Além do ratinho, os grossos pingos no filtro. Ribombam os pingos cada vez mais depressa: o seu coração. O bichinho pára de roer, orelhinha em pé e assiste a mulher na agonia.
Ela sabe que venceu a crise ao escutar novamente o camondongo. Pode chorar, não há mais perigo. Que as lágrimas enxuguem por si — ergue-se, apalpando a treva. Risca um fósforo depois de outro, acende o pavio.
No criado-mudo o remédio, a colher, o copo d'água. Depois que alumia a lamparina e toma as gotas, nada pode senão vigiar o clarão trêmulo e esperar os pardais. Geme sem querer, o marido resmunga:
Não pára de gemer?
Uma dor no coração...
Sempre a se queixar.
A voz distante, fala de costas para ela.
Que passasse a mão nos meus cabelos...
O marido ouve:... “a mão nos meus cabelos”, e ressona.
Aquela noite estava salva: a luz brilhava no copo. O marido e os filhos dormiam.
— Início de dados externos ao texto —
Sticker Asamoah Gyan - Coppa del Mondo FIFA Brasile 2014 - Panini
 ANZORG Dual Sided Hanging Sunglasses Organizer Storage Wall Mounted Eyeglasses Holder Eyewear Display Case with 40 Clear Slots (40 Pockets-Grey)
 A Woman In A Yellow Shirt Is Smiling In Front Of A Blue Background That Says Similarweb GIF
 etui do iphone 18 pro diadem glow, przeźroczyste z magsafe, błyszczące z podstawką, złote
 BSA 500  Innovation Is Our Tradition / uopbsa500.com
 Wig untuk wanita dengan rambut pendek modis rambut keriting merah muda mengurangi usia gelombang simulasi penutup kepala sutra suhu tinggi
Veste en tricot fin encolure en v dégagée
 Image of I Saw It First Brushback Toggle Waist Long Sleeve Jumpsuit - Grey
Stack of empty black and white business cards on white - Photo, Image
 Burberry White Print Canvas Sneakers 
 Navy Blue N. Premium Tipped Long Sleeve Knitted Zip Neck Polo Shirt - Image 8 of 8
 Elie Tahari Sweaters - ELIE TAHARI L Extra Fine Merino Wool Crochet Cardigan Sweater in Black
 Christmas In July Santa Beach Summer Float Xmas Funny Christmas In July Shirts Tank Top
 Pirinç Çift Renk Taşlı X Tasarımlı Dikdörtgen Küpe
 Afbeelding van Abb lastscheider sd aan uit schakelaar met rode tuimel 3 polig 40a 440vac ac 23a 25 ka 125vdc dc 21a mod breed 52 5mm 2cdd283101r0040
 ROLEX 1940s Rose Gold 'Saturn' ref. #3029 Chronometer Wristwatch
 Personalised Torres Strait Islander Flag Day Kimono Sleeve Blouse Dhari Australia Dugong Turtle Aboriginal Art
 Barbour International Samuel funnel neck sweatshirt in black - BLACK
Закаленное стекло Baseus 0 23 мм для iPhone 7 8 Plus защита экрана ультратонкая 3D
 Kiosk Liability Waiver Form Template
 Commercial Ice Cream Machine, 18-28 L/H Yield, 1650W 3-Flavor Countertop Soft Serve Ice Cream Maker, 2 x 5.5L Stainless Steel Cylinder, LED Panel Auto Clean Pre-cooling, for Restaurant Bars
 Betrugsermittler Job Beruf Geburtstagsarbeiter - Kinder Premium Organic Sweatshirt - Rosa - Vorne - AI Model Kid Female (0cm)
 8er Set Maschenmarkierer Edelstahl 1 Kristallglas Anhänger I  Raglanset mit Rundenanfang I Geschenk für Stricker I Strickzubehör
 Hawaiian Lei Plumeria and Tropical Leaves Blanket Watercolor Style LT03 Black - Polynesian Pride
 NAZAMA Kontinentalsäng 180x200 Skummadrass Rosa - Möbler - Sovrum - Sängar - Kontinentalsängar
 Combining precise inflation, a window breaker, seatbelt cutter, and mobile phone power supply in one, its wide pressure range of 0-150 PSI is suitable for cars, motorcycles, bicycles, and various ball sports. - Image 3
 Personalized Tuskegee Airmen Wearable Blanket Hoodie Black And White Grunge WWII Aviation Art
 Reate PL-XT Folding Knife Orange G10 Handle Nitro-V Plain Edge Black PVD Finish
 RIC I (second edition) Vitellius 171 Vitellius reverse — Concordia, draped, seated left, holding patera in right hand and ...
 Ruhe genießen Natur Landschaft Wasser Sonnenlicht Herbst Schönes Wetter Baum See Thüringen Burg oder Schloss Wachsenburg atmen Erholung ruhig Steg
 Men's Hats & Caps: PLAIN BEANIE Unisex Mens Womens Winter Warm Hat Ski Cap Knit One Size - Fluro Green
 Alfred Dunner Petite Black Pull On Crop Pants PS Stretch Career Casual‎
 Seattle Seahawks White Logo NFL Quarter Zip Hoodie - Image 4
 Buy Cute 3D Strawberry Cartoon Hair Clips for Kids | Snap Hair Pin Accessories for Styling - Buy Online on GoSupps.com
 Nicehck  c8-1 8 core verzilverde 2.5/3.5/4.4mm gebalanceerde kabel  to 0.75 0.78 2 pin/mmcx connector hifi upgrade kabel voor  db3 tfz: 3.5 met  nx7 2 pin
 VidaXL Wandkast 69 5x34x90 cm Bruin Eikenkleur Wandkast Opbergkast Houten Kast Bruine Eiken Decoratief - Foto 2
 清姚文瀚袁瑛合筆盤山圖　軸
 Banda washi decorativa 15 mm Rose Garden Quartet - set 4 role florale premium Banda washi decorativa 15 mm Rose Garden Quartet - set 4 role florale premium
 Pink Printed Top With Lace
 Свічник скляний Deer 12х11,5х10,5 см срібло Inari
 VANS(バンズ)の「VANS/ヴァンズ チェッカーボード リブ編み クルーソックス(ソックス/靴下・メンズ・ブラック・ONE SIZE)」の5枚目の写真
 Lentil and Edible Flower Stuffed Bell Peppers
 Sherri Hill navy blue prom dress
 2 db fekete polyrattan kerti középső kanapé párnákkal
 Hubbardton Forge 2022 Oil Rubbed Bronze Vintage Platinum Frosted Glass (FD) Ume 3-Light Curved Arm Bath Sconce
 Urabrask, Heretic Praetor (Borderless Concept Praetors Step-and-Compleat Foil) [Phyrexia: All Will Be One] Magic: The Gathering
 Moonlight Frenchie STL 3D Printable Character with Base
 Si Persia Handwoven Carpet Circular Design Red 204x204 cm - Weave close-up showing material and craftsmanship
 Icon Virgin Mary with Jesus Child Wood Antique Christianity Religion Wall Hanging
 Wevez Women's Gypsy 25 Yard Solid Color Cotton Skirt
O galho do pessegueiro na vidraça: Estou aqui, eu também.
Mais um dia para concluir o trabalho. Fácil dar os vestidos e os sapatos, quem quer um pano bordado pela metade? Cabeceava, sentada na cama, o ratinho saciado não roia, a água não gotejava, os pardais dormiam entre as folhas. Com o inverno caem as folhas do pessegueiro, os pardais hão de voar para longe. Se eles voarem, ó Deus, quem a despertará de sua morte?